With the digital age upon us, there is an undeniable trend of looking for better ways to simplify our lives. In particular, in professional settings where we lean heavily on mobile devices to increase accessibility and streamline workflow. However, as this dependency on technology grows, so too has the threat of losing valuable, personal information–as showcased in last week’s blog “5 Risks Associated with Using Mobile Devices in Healthcare.” Since there is no getting away from this trend, we must adapt all around, including our hospitals to develop the necessary policies and procedures for mobile use in healthcare.
Here are 5 things you should consider when developing policies and procedures to safeguard your health information:
BYOD – Bring your own device
Should the organization allow staff to use their personal devices for professional use? If so, are there limitations to what can and cannot be accessed on their device. If not, should staff be allowed to connect to the organization’s network at all?
Should you apply restrictions?
Ask what should be accessible on a mobile device. For example, should staff be able to access patient information on their mobile device, and if so should they be restricted from using their device when away from the organization?

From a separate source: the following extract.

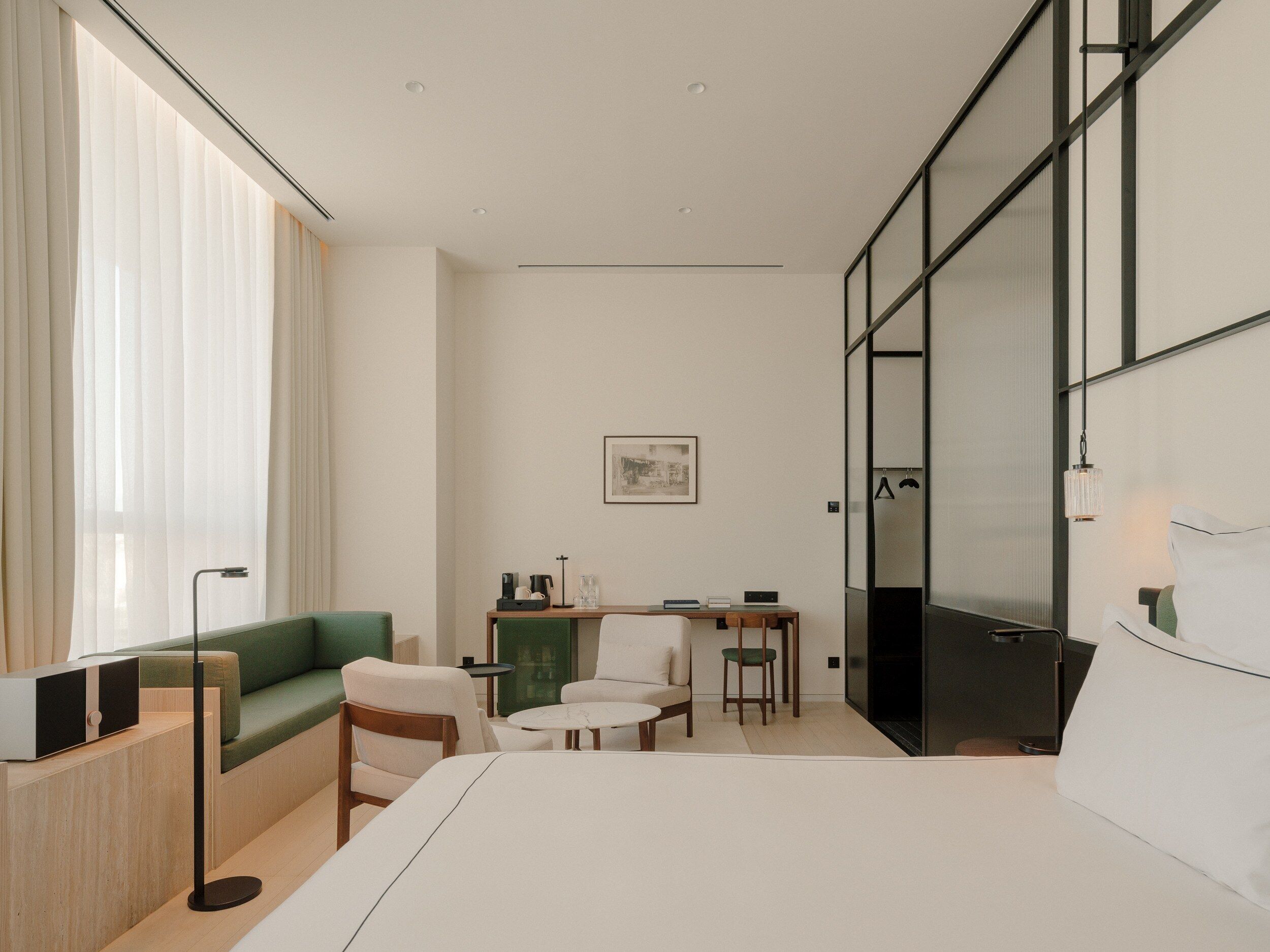 Camera Deluxe (Club) | Biancheria da letto di alta qualità, minibar, una cassaforte in camera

Should staff be restricted to the type of information that can be stored on their device? For example, should staff be allowed to store patient or hospital information on their device, and if so where and for how long?\
Does the organization have a policy regarding misuse of devices? For example, what constitutes misuse and how will it be addressed?

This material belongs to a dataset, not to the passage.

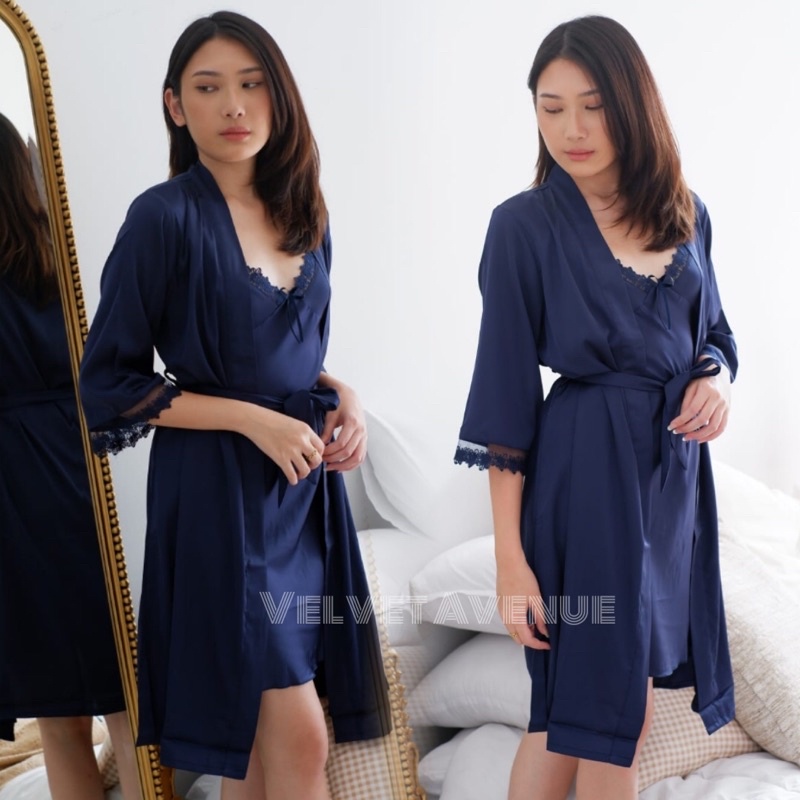 Set Kimono dan Dress Dalam Wanita Bahan Silk Satin untuk Rias Pengantin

Recovery or Deactivation Protocol
What is the protocol for lost or stolen devices? Does the organization have the ability to wipe or disable devices? Something that is often overlooked is a procedure to recover mobile devices from employees after their employment ends.

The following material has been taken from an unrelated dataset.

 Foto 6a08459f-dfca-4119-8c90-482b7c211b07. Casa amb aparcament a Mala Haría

When building out your organization’s healthcare mobile policies and procedures these are some great questions to consider to ensure comprehensive safeguarding. But it’s never enough to just say “here are the rules, now follow them.” While policies and procedures are a great way to build a foundation, offering training to help staff realize the risks, understand how to protect their device, and how they’re accountable for their device and the information stored on it. This step is just as vital as the healthcare mobile policies and procedures themselves, so be sure not to skip this.